Thanks to Warren Smith for pointing out this oversight.  The mathematics of this is based on work by Cauchy, Pogorelov and Alexandrov.

Paul Elvstrom and hiking

February 15th, 2010

I was incorrect in claiming that Paul Elvstrom invented hiking. However, he did enormously improve the technique and the hiking equipment. Thanks to James Harper for pointing out my error.


January 6th, 2010

The is an advertisement. I recommend reading the book “Physics of Sailing.” Since I wrote it, this recommendation may be prejudiced.


Left-handed sailors?

December 10th, 2009


A recent collection of signatures from members of the Saratoga Lake Sailing Club revealed an unusually large number of “lefties.” Is the a coincidence, a sign of a good sailor, or a characteristic of people living in obscure places?

Sailboat surfaces, a tricky problem

November 8th, 2009

There are two exotic ways to reduce drag on a sailboat hull. One can add riblets or make the boat sail over a cushion of air.

Dennis Conner and his America’s Cup team coated the hull of Stars and Stripes with riblets, which are tiny groves running parallel to the direction of the water flow past the hull. Riblets may have helped the United States re-capture the 1987 America’s Cup.

Some have speculated that dolphins’ spectacular swimming speed may be associated with their expulsion of ethylene oxide. This gas would act as a cushion between their skin and the water.

Dolphins almost certainly don’t sweat enough gas to make a difference, but the idea of using a gas to reduce drag has been around for a long time. One could put a “bubbler” near the bow of a sailboat. In principle, the boat would then sail over a thin film of air.
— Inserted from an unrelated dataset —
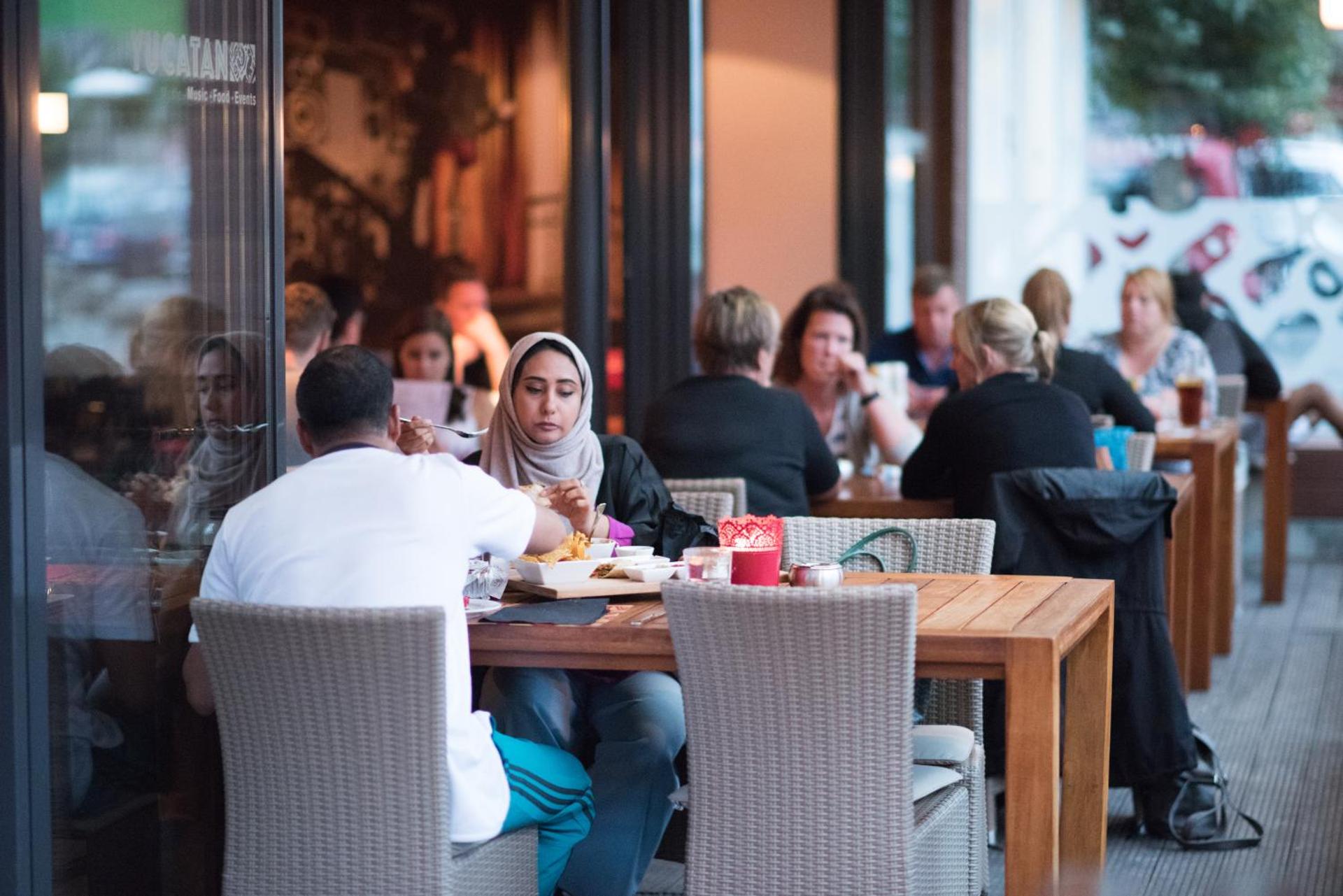 Restaurant/places to eat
This would almost certainly be illegal and impractical.

Recently, Jonathan Rothstein and others at the University of Massachusetts – Amherst have considered physics related to both riblets and the gas cushion. They measured the drag on a surface with grooves. There is a difference. The groves are filled with air. The air is encouraged to remain in the groves because the solid surface is made of a “super-hydrophobic” material. That means it hates water. Small scale experiments on this structure show a real reduction in surface drag. It is not clear how this drag reduction would scale up to the size of a sailboat hull.


It is also far from clear that a finely grooved super-hydrophobic sailboat hull would be practical or affordable, and many would consider it to be unfair competition. The riblets were declared illegal on all racing class sailboats shortly after the 1987 America’s Cup competition.